By the time you read these words, the United States Congress will have passed and the President will have signed the largest single spending bill in the history of Western Civilization.  The total cost of World War II to all the countries combined was 1 trillion dollars.  The United States spent the most on the war at $347 billion.  It is hard to imagine but this one massive spending bill, coming in at $787 billion, is more than twice the total amount the United States spend to defeat the Axis powers.

To give this number further perspective consider these facts:

1) It is approximately 1.8 times the total amount spent by NASA since 1961.
2) It is about 1.7 times the size of the largest U.S. budget deficit in history.
3) It amounts to 32 percent of the total federal receipts in fiscal 2008.
4) If it was given directly to Americans it would mean $2,600 for every man, woman, and child.

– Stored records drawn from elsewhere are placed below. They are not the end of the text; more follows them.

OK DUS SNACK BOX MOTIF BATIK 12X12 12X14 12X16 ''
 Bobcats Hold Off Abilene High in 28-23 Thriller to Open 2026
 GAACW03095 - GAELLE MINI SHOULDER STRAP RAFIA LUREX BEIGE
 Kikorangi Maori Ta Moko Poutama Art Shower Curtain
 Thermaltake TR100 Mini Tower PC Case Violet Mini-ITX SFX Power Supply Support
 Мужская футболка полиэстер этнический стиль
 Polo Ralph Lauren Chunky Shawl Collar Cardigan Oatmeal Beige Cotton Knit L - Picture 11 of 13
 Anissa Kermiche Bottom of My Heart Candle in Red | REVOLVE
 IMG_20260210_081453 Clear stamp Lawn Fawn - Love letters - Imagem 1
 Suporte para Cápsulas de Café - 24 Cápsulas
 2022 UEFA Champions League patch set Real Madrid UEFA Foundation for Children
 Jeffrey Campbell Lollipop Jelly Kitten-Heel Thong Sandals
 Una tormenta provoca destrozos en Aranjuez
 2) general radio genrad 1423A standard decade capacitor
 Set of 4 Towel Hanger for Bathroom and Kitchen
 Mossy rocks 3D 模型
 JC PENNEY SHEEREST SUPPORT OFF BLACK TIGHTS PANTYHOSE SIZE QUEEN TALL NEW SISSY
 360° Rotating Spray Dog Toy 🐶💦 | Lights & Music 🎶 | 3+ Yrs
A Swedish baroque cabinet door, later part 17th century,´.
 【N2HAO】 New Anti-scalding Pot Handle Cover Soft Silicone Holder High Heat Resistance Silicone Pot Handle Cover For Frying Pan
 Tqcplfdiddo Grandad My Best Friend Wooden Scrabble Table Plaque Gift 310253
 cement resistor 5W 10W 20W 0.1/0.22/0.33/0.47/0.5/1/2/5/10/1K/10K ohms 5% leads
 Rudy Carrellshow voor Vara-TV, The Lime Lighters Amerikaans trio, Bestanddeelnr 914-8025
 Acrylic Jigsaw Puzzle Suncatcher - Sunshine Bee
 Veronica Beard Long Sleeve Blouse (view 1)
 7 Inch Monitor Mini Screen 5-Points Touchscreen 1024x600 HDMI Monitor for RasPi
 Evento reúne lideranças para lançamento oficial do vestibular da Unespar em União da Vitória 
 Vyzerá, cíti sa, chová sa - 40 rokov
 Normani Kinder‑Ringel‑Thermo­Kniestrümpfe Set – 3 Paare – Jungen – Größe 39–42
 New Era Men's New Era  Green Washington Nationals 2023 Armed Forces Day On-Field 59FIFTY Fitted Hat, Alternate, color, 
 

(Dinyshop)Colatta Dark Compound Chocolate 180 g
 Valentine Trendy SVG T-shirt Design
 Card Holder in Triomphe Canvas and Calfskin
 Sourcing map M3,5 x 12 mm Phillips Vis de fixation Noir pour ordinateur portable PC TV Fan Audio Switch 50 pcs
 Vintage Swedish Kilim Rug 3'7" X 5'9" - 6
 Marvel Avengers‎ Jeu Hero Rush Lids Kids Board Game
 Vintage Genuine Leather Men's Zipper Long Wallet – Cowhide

But hold on to your wallets because fact one of the four important facts you haven’t heard about the stimulus package is that the Congressional Budget Office estimates the real cost of the bill to be closer to $3.27 trillion.  That figures includes an interest payment of $744 billion on the debt that is being created by the package.  It also includes another $2.5 trillion in expanded government programs (over 200 new government programs are included in the budget) that will continue for decades.  It is government spending that will require confiscatory taxes collected from many yet to be born generations of Americans.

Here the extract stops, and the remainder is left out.